2024年元日の能登半島地震と9月の豪雨は、能登半島の農家や畜産業者に直接的な打撃を与え、避難による働き手不足も深刻となっている。国や石川県などは農地復旧や畜舎の再建費用の約9割を補助するといった支援策を用意するが、対象外の被害も多い。農業者らからは、再建に向けた道筋を早期に示すよう行政に求める声が相次ぐ。なりわい再建は道半ばだ。(共同通信=佐藤仁紀、平川裕己、江浜丈裕、磯田伊織)

田んぼに水が引けない

 輪島市の農業法人「川原農産」では水路の破損などにより、管理する約35ヘクタールの田んぼの約9割に水が引けなくなった。元々いた従業員らは生活拠点を県内外に移し、一部は新たななりわいを探し始めた。営農は継続したが、人手不足の中で水稲管理は難しく、収穫量は例年を大幅に下回る。

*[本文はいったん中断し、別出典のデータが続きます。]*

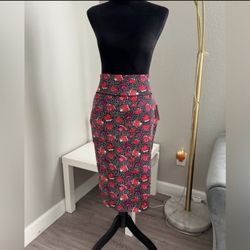 Fashion Nene Womens Floral Stretch Pull On Midi Pencil Skirt Size Large
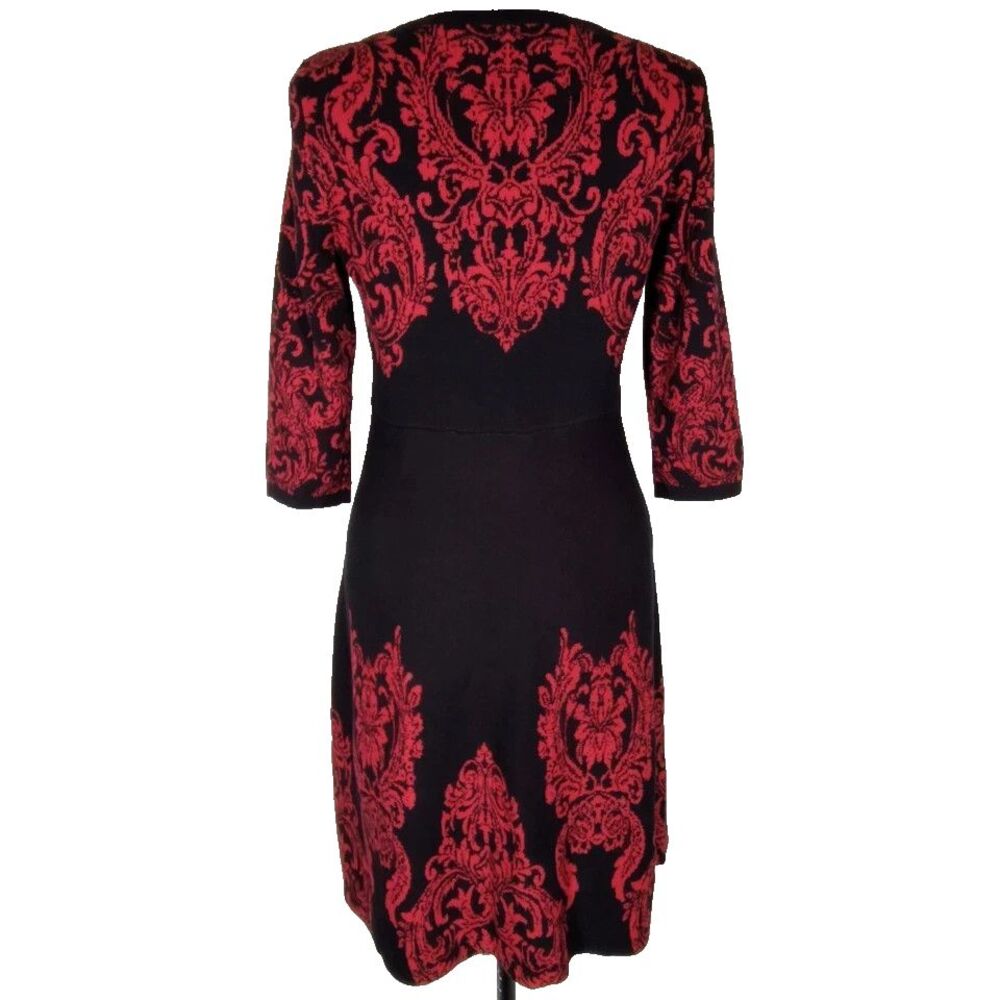 NEW DANA BUCHMAN Knit Sweater Dress Size L Large Red & Black 3/4 Sleeves NWT - Picture 2 of 6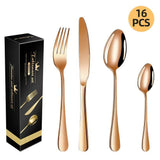 western cutlery set, steak knife and fork set, stainless steel cutlery, gift set for dining, 16-piece cutlery, Australian dining, steak knives Australia, premium cutlery set, gift for couples, housewarming gift - Black - Size 16 -piece set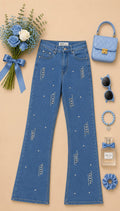 MIGZORn Pearl Drip Flare Jeans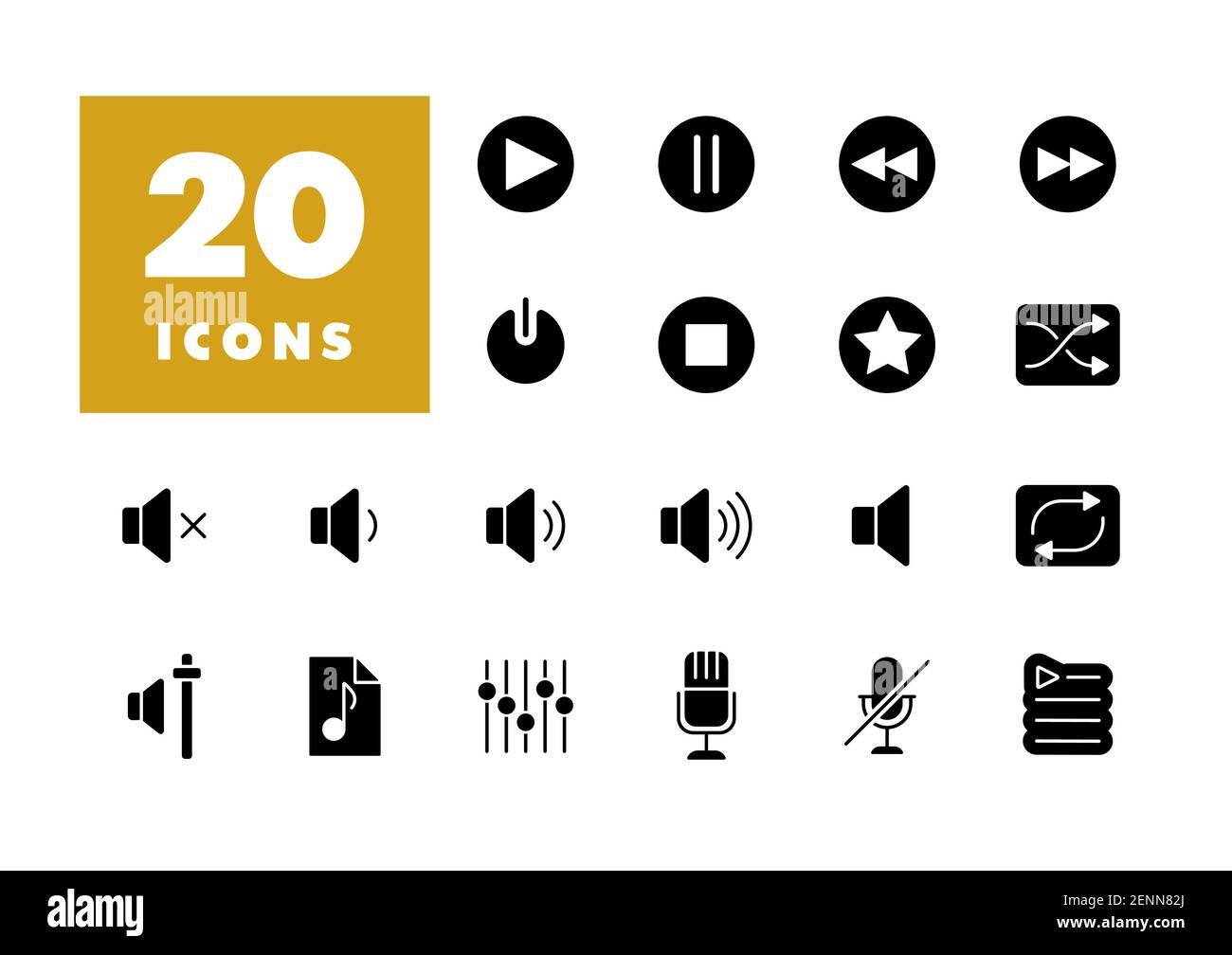 Multimedia user interface flat vector glyph icons set. Graph symbol for ...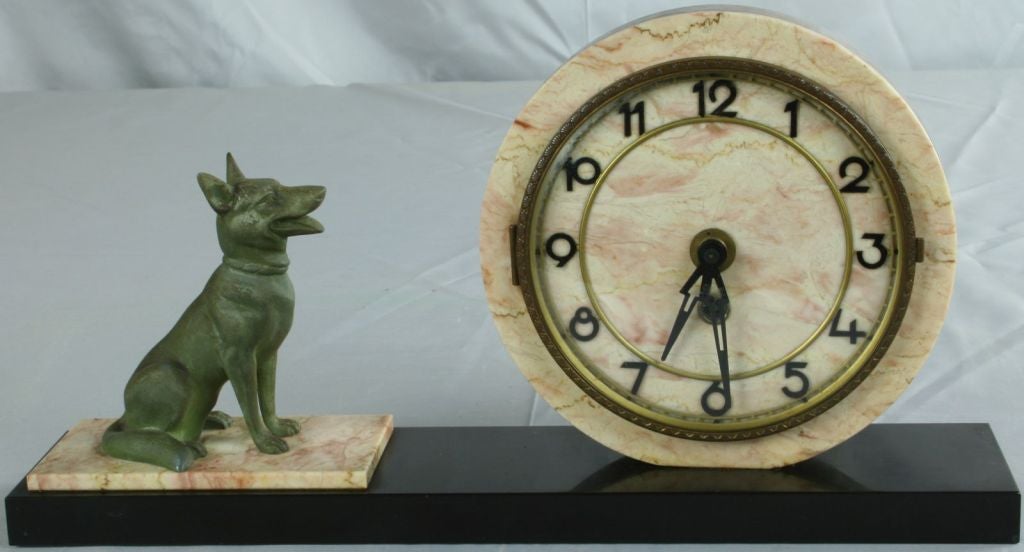 Antique Deco Marble Mantle Mantel Clock Shepherd Dog 4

 代表の川原伸章(かわら・のぶあき)さん(47)は「人が足りないため、外から支援に来る人が寝泊まりできる環境を整備してほしい」と求める。農地の被害は豪雨で拡大し、全容は見えず、今年の田植えの計画も立てられない。「行政には、どこの田んぼが使えるようになるのか、いつ復旧できるのかを示してほしい」

 県や農林水産省の昨年11月時点のまとめでは、被害を確認した農地や農業用施設は7千カ所以上。豪雨でも多くが被災し、県の担当者は「地震で手をつけた復旧事業が豪雨でリセットされた」と話す。県などは11月末、復旧を支援する「奥能登営農復旧・復興センター」を設置。現地調査で農家ごとに営農が再開できる時期を示し、復旧計画を立案するとしている。

支援対象から漏れる被害

 畜産業者の被害も深刻で、県によると、元日の地震では畜舎などの施設損壊が60件以上確認されている。

 県内最大規模の約千頭の能登牛を飼育する能登町の「能登牧場」は四つの牛舎全てが半壊か準半壊と認定された。うち半壊となった牛舎の再建費用の9割は国などが支援するが、敷地内の壊れた道路舗装などは支援の対象外だ。施設全体の復旧に向け約2億円の自己負担を余儀なくされた。牧場主の平林将(ひらばやし・まさる)さん(41)は「前例や法律にとらわれない実態に合った支援をお願いしたい」と強調した。

「漁に出られることが第一歩」

 地震により、石川県輪島、珠洲両市などの多くの漁港では海底隆起や護岸損傷が確認された。漁は各地で順次再開されたが、県によると、北部主要港の2024年9月までの漁獲量は対前年比56%にとどまる。